Pero ese instante fue suficiente. En el momento en el que el hombre lagarto fue afectado por el conjuro, tuvo que dedicar todas sus fuerzas a vencer el poder mágico que intentaba inmovilizarle. Por un instante, la presión sobre la garganta de Adrash disminuyó. De pronto, Adrash notó como el aire volvía a sus pulmones. Sus ojos se abrieron, y se fijaron en los del hombre reptil.
Si quieres mi último aliento, lo tendrás.- Adrash llamó de nuevo al poder de su magia, la magia que aprendían los caballeros del Fénix, y, al exhalar el aire que a duras penas había podido hacer llegar a sus pulmones, éste se incendió, rodeando la cabeza de aquel ser. El reptil se llevó las manos a la cara, lanzando profundos gruñidos de dolor y soltando a Adrash, que cayó al suelo como un fardo.

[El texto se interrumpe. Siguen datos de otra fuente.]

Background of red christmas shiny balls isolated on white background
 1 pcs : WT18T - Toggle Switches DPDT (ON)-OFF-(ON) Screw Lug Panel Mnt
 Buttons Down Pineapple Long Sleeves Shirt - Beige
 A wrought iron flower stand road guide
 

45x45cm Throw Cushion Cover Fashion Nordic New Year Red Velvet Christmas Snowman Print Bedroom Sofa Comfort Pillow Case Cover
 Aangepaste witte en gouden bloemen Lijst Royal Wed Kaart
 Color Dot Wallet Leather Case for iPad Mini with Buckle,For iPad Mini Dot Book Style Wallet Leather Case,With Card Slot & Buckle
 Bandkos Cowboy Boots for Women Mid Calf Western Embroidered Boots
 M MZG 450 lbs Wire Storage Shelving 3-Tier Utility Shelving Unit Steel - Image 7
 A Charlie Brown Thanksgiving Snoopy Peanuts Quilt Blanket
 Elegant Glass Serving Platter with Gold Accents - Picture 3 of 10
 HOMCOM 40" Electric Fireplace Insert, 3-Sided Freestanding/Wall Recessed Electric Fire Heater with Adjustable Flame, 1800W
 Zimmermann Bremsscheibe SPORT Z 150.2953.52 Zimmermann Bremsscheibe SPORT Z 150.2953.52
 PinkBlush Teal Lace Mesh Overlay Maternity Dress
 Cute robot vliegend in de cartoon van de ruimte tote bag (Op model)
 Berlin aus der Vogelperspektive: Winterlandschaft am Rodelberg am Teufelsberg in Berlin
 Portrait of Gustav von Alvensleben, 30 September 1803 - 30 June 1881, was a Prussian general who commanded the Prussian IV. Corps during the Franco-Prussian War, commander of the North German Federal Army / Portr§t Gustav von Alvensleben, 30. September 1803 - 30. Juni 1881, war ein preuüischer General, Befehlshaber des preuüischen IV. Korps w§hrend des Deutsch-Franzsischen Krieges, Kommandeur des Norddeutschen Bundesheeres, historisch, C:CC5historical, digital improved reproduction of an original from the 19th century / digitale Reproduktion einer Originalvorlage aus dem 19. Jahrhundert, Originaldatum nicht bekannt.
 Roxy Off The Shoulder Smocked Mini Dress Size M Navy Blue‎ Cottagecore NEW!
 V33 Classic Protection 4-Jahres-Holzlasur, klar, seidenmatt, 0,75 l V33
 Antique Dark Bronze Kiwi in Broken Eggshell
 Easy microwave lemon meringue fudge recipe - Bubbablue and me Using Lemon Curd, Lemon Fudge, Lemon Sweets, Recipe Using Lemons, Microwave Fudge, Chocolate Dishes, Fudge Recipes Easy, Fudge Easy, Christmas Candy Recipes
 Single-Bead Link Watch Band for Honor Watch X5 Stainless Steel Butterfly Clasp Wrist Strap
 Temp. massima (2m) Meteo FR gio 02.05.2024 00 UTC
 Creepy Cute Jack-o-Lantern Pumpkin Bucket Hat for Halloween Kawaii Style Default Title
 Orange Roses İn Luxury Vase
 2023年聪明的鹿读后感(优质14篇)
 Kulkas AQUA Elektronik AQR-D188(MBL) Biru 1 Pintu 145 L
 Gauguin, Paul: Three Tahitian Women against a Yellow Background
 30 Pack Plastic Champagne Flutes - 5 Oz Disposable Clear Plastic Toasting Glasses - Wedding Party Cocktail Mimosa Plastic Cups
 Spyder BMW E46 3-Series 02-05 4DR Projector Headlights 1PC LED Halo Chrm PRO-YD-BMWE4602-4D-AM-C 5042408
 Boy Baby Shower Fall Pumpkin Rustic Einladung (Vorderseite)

Saryon se incorporó pesadamente sobre sus rodillas y, manteniendo el equilibrio a duras penas, lanzó un golpe con su espada a las piernas de la criatura. Aquel ser, que no dejaba de moverse buscando el río, desorientado y ciego, cayó con gran estruendo cuando Saryon le hizo un profunda herida en la parte posterior de la rodilla. La criatura parecía totalmente enloquecida por el dolor y la ceguera, y su cabeza humeaba como si el fuego hubiese prendido en su piel. Entonces, desplazándose casi a gatas, se aproximó al lugar donde el enorme lezzar se debatía contra el intenso dolor, levantó su espada, y utilizando todo su peso, la clavó en el vientre del extraño ser. Las llamas que la envolvían comenzaron a quemar la carne, extendiéndose por todo el cuerpo, que se convulsionaba a causa del dolor. Finalmente, el hombre lagarto dejó de moverse. Saryon soltó la espada, que continuó quemando el descomunal cuerpo, y comenzó a arrastrarse hacia el lugar donde estaba el hombre de la túnica negra. Cuando al fin llegó a su lado, Saryon comprobó que estaba vivo, aunque muy malherido. Utilizando el poco poder mágico que aún no había empleado, comenzó a invocar la magia curativa que los dioses del Bien le concedían. Pronto, la cara de aquel hombre, pálido ya por naturaleza, recuperó parte de su color. Si recibían ayuda, sobreviviría.
Acusando el esfuerzo y la cantidad de sangre perdida, el caballero perdió la consciencia.
Irwen, la yegua, se situó sobre ambos, protegiéndoles de todo mal de la mejor manera que conocía.